## [DATA BLOCK]
========================================

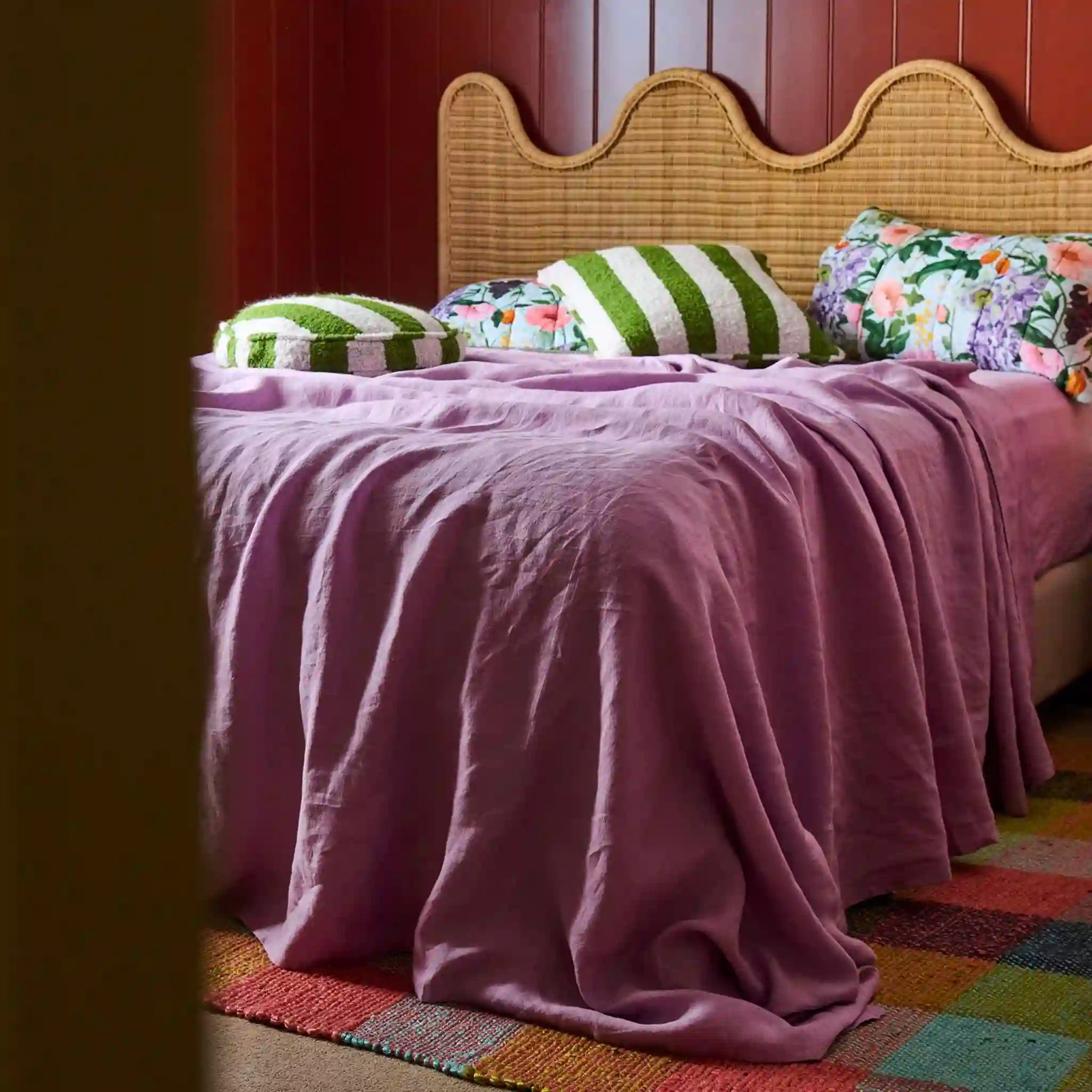Bed with pink bedding and colorful pillows against a wooden paneled wall.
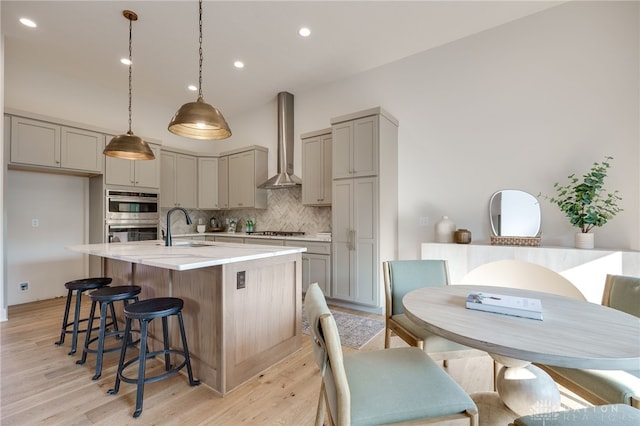 kitchen with an island with sink, light hardwood / wood-style flooring, gray cabinetry, wall chimney exhaust hood, and stainless steel appliances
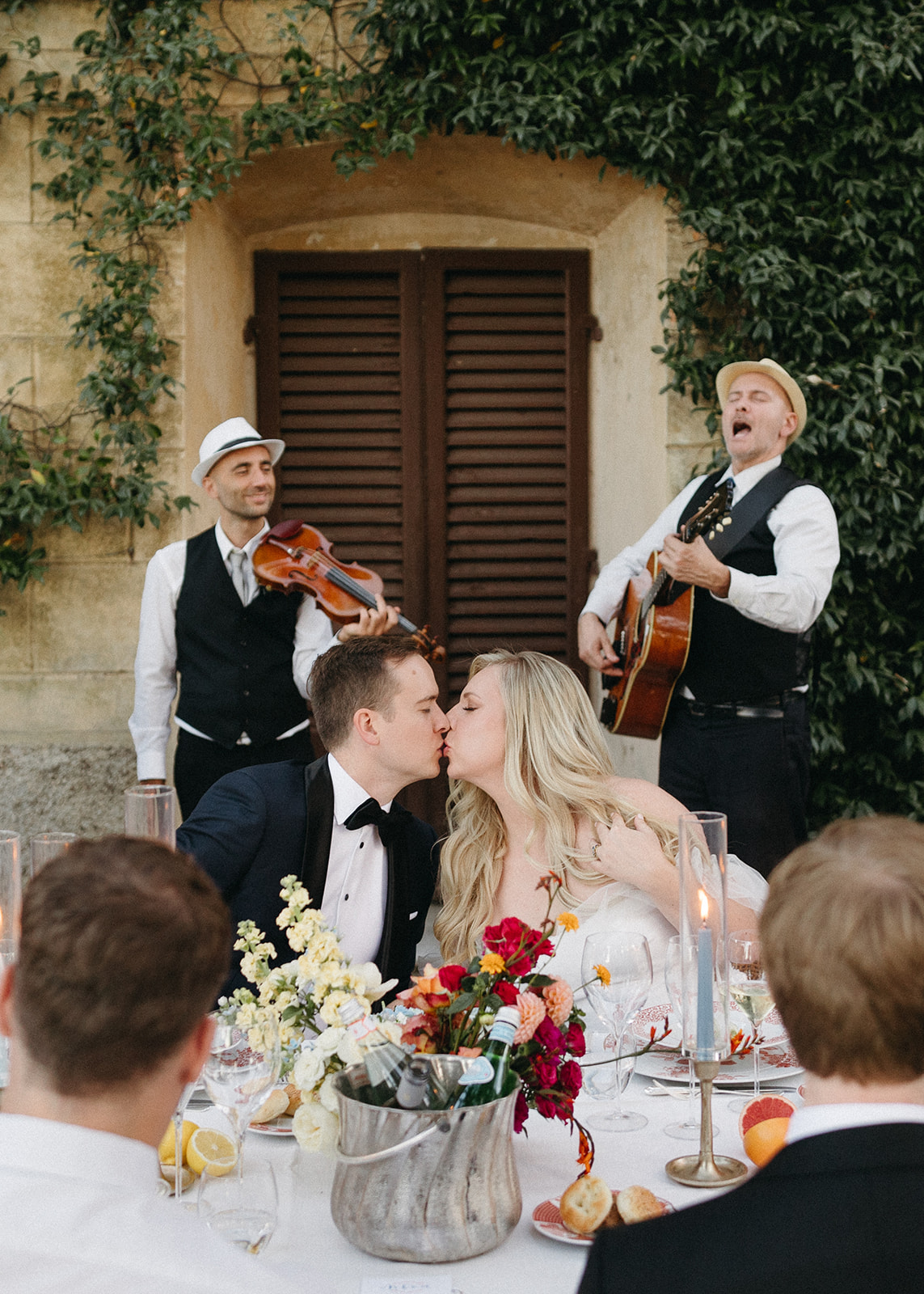 bride and groom kissing during long table wedding reception dinner in Tuscany, Italy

========================================

## [WHAT IS BEING ASKED]
The expected answer is an unaltered copy of the listing, images removed.

## [EXERCISE SOLUTION]
Bed with pink bedding and colorful pillows against a wooden paneled wall.
 kitchen with an island with sink, light hardwood / wood-style flooring, gray cabinetry, wall chimney exhaust hood, and stainless steel appliances
 bride and groom kissing during long table wedding reception dinner in Tuscany, Italy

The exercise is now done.